The Competition Bill - implications for retail property.

United Kingdom

Mark Heighton reviews some of the property implications

Many retailers will be familiar with the Competition Bill which is currently being debated in Parliament.

The Competition Bill sets out to mirror, in relation to trade within the United Kingdom, the provisions of Articles 85 and 86 of the Treaty of Rome. In effect, the Bill is aimed at prohibiting agreements which distort, restrict or prevent competition or conduct which is an abuse of a dominant market position.

The Competition Bill has been much debated in Parliament and there is an obvious impact on the trading activities of retailers. However, there has been far less attention paid to the property implications of the Bill.
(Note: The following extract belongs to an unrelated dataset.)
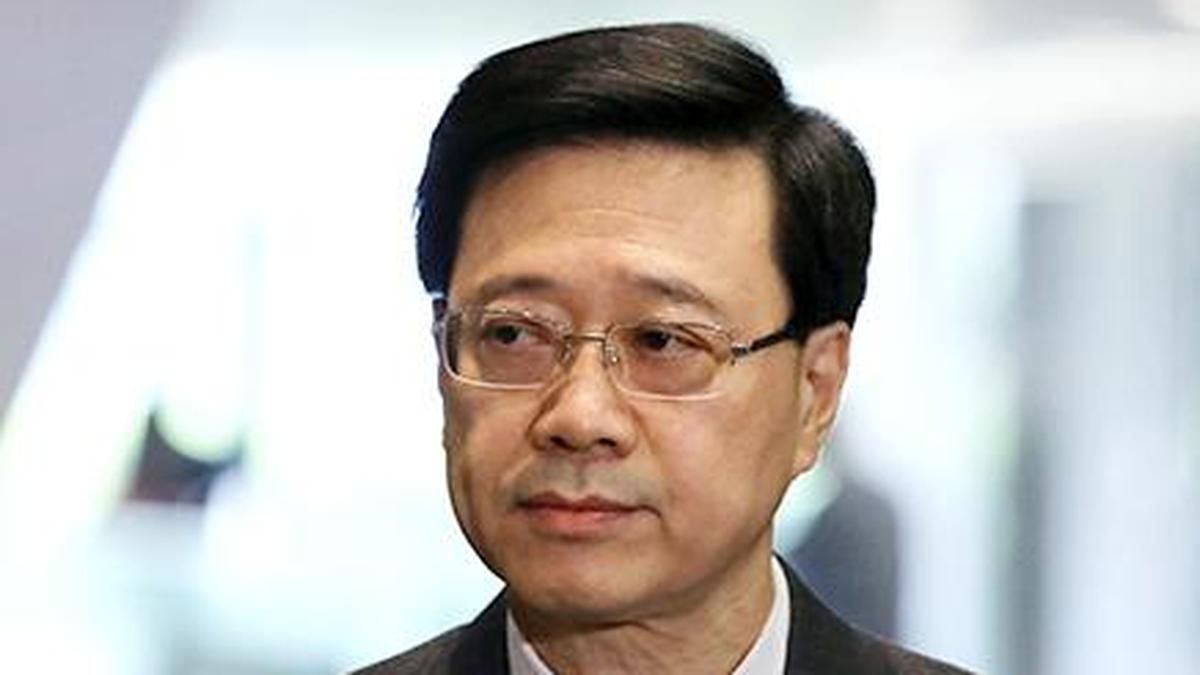 Hong Kong: Lider John Lee ulusal güvenlik suçlarını belirleme yetkisi alıyor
In the past, land transactions have not generally been subject to UK competition law. However, the Bill (as originally drafted) would have impacted on land because of its effect on certain types of restrictions which are common property transactions.

This was clearly not the Government's intention and following a lobbying campaign from the British Retail Consortium and others, the DTI have now released a draft paper setting out proposals which would exclude most property transactions from the provisions of the Bill.
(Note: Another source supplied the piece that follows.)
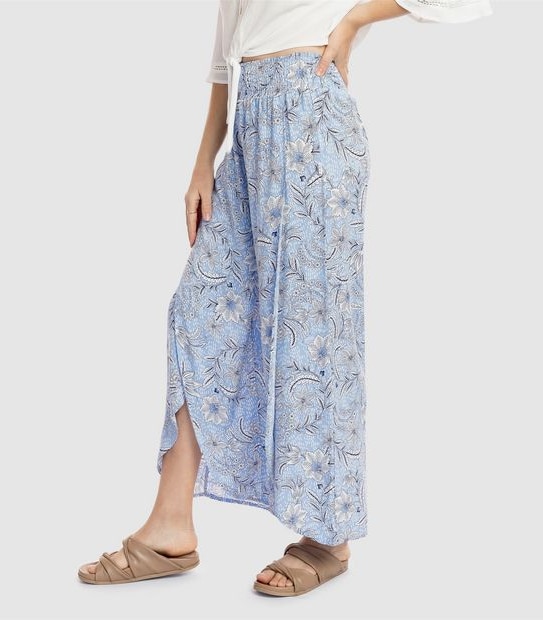 Piping Hot Beach Pants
So what is the effect of the new proposals?

In brief the proposals mean that the Competition Bill will not apply to agreements which create or transfer interests in land.

There are however a list of "exclusions from the exclusion" so that certain land transactions could still be subject to the provisions of the Bill.

Excluded transactions

Types of contractual provisions which will be excluded from the Bill under the new proposals, include:

  • User covenants in leases: clauses in leases which restrict use are extremely common and these will still be allowed. In the past these clauses have been challenged on competition law grounds but the courts have analysed such clauses as granting a limited right to the tenant to use the property rather then imposing anti-competitive restrictions on the tenant.
  • "Tenant mix" covenants: it is a well established principle of law that retailers cannot, as a matter of general law, prevent a landlord from allowing a competing retailer to occupy a unit in the same shopping centre. In such circumstances the landlord is not in derogation from its grant and the retailer will generally have no cause of action - although the recent decision in Chartered Trust -v- Davies may provide some assistance to retailers in the future in ensuring that landlords do take an active role in managing shopping centres and ensuring that the activities of one tenant do not interfere with the rights of other tenants.


The absence of general protection has led to a number of retailers in recent years insisting on covenants from their landlords preventing competing uses in the same centre. These types of covenants will not be subject to the Bill and will still be permitted.

The "exclusions from the exclusion"

Although the provisions of the consultation paper will be widely welcomed by the property industry, some of the "exclusions to the exclusion" will still mean that some fairly common property transactions will still be subject to the provisions of the Bill.

Transactions potentially affected include:-

  • Licences to occupy which contain restrictions on use or "tenant mix" covenants. Because licences do not create an interest in land they will not fall within the general exclusion. Licences to occupy are particularly common in concession and franchise arrangements.
  • Leases where there are restrictions on the terms on which trade or activity may be carried out. Examples include restrictions imposed by the landlord on price fixing, the identity of suppliers or the brands which may be sold. In particular there is a potential impact on factory outlet centres where the landlord may wish to impose in the lease a number of obligations so as to preserve the overall "brand image" of the factory outlet centre (for example, by controlling pricing and insisting that all goods are sold for a price of at least 30% below normal market price). Leases which contain provisions which restrict trade or pricing could still be subject to the Bill.


Is the Bill retrospective?

The simple answer is yes. The Bill (once enacted) will not just apply to agreements entered into after Royal Assent but also to agreements entered into before that date.

To assist, there is to be a transitional period of 12 months to achieve compliance for existing agreements. This means that any leases and/or licences which are in breach of the new Bill will need to be varied during this 12 month period.

Consequences

Restrictions which are in breach of the Bill will be void and unenforcable. As long as the relevant restriction is severable from the agreement as a whole, the rest of the agreement will still be valid.

There is a proposed statutory notification procedure which will avoid fines being levied. However, in the absence of notification, fines may also be levied.

Timetable

The Bill was introduced in the House of Lords and is now making rapid progress. It is hoped to go through all of its House of Commons' stages before the summer recess and to receive Royal Assent later this year.

The DTI has always made it clear that it was not their intention that the Bill should apply to normal property transactions and no doubt discussions will continue with the DTI to remove some of the outstanding anomalies. For those who are interested in commenting, time is short and representations should really be made in the course of the next few weeks.